The greatest challenge for lung cancer clinical management has become markedly evident with the use of immunotherapy (IT). There is increasing evidence of the role of the host immune system in immunosurveillance and tumor rejection in which every known innate and adaptive immune effector mechanism participates. Moreover, may be transitory or long-lasting a crucial role so that local immunosuppression in a tumor context caused by chronic inflammation has protumor effects, whereas enhancing T-cell function and dendritic cell maturation derived from acute inflammation has the opposite (antitumor) effect [25]. Thus, the immune system has been recognized as another important cancer hallmark [26]. This has led to the development of therapeutic strategies focused in this direction, such as molecules for reactivating the host immune response as cancer vaccines or checkpoint inhibitors to emphasize intrinsic antitumor immunity [27]. However, a high percentage of patients with lung cancer do not respond to these treatments, or their responses may be transitory or long-lasting. Here, we review the relevance of immunotherapy in lung cancer, with a focus on the underlying resistance mechanisms of the disease.

3. Immunotherapy for Lung Cancer

Immuno-oncology has emerged as a promising field that seeks to reinforce the host’s own immune system to avoid immune evasion of the tumor by recognition of tumor-specific antigens (neoantigens) and tumor-associated antigens (TAAs) that trigger an immune reaction that causes tumor remission [28]. Therefore, attacking tumor cells directly is no longer the target of the therapy, but the strategy is redirected towards the immune system. This makes it work for any tumor histology or driver mutation, and the side effects are different from other therapies [29]. Accordingly, cancer immunotherapy has been developed based on several approaches, ranging from stimulating effector mechanisms to counteracting inhibitory and suppressive mechanisms. Vaccines are among the strategies to activate immune effector cells, while additional stimulation strategies include cytokines, adoptive cell therapy and oncolytic viruses. On the other hand, the use of antibodies against immune checkpoint molecules stands out as one of the strategies to neutralize immunosuppressive mechanisms [30] (Figure 1).

Cancers 12 03729 g001 550

Figure 1. Different strategies and immunotherapeutic agents with clinical application in lung cancer. Created with Biorander.com.

Thus, since the activation of the immune checkpoint pathways is a very frequent tumor evasion mechanism, the use of inhibitors against immune checkpoints (ICIs) arises as IT, stimulating antitumor responses towards tumor-specific antigens within the TME, which is composed of stromal cells, immune cells, and extracellular matrix, all of which are closely related to tumor cells. The rate of tumor-infiltrating immune cells in the TME can be classified as immunodesert (noninfiltrated or also called ‘immunologically cold’), immunoexcluded (peripheral immune infiltration around tumor cells) and immunoinflammed (infiltrated or also called ‘immunologically hot’). The latter expresses immune checkpoint molecules and is correlated with a more favorable response to ICI therapy [31].

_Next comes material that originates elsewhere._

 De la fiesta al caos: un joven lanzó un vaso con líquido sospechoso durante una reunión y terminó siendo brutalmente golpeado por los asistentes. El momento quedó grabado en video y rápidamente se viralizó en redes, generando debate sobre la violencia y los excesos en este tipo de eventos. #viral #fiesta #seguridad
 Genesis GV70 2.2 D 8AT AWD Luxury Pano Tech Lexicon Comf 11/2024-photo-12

Because IT has promising results in terms of survival and quality of life, more treatments of this type for lung cancer are trying to be developed, since it is frequently diagnosed in advanced stages, when other classical therapies such as surgery, chemotherapy, and radiotherapy are minimally effective. Nonetheless, IT can be combined with any of the therapeutic modalities already described. While the synergistic effects of combining these drugs are being evaluated, they do not produce additional toxicities or death [29].

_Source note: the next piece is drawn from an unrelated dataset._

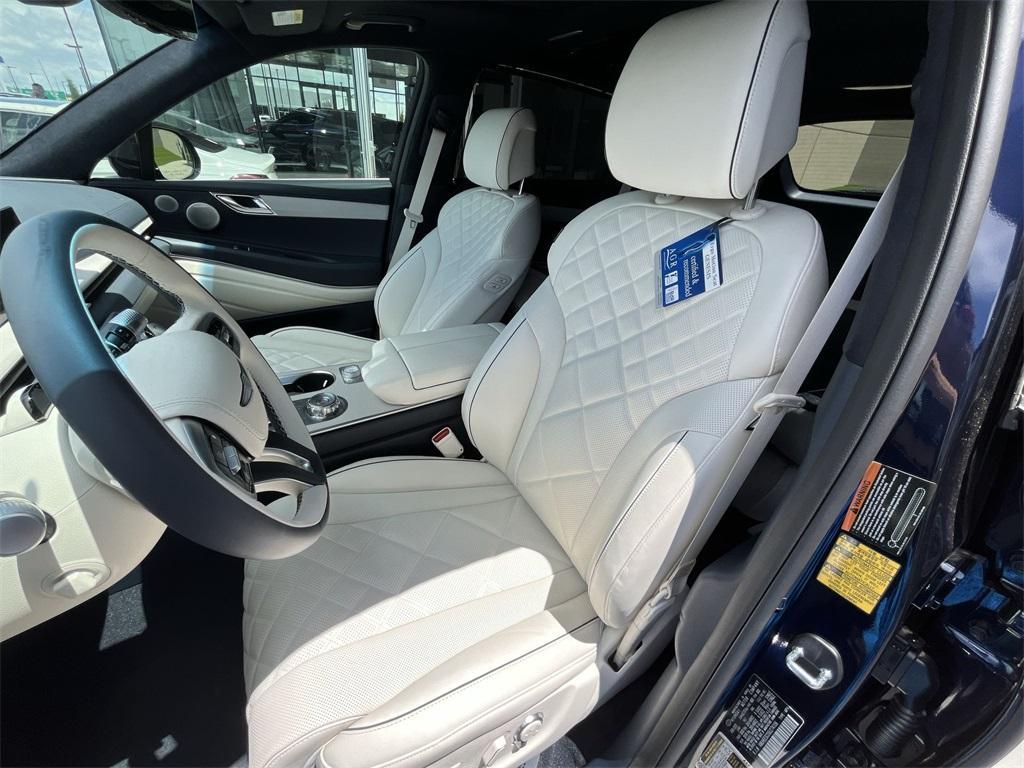 new 2025 Genesis GV80 car, priced at $81,267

3.1. Nonspecific Immunotherapies

Nonspecific immunotherapies, also known as immunomodulatory therapies, are not directed against a specific antigen but rather aim to bolster the antitumor immune response. They usually involve both the innate and adaptive responses of the immune system, and their mechanisms of action can be direct antitumor effects, reversing immunosuppression, activating innate immunity, and activating antigen-nonspecific T-cells [32]. These treatments include cytokines (interleukins and interferons) as the most frequently used compounds, although there are others, such as immune-stimulatory agents (CpG oligonucleotides or Bacille Calmette-Guérin, BCG), antibodies and enzyme inhibitors [32]. The two Food and Drug Administration (FDA)-approved cytokines for the treatment of severe malignancies are IL-2 and IFN-α; however, neither of them has an indication in lung cancer.

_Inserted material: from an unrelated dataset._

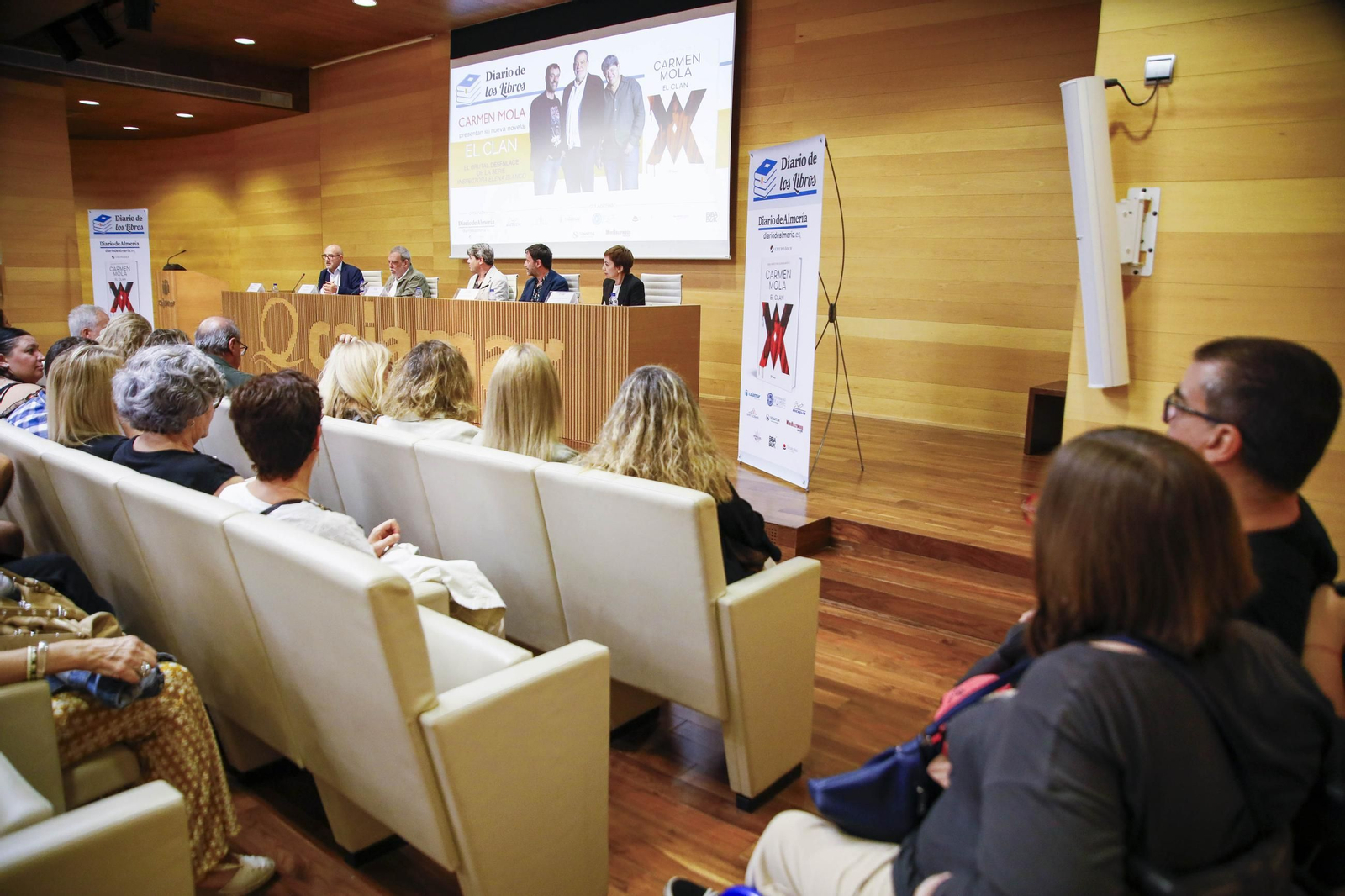 Carmen Mola presenta su libro "El clan" en la Casa de las mariposas de Almería, en imágenes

3.2. Oncolytic Viruses (OVs)

Tumors create an immunosuppressed microenvironment that allows them to escape from the immune system, but in turn, this makes tumors more sensitive to viral infections. Oncolytic virotherapy, which uses attenuated and genetically modified viruses capable of selectively infecting tumor cells, is based on this premise, taking advantage of the deregulated pathways to produce cell lysis. The second mechanism of action of OVs is the induction of antitumor immunity, which takes place thanks to the antigens released during oncolysis. The third is the ability to produce acute vascular-disrupting effects that lead to tumor reduction [33]. Thus, in OV therapy, the virus is the active agent itself and not a carrier, as occurs in gene therapy [34]. The advantages of oncoviral immunotherapy are its specificity targeting tumor cells, its independence of specific receptor expression patterns and therefore of the associated resistances, and its ability to enhance the antitumor immune response or induce a novel nonself antigen response [35].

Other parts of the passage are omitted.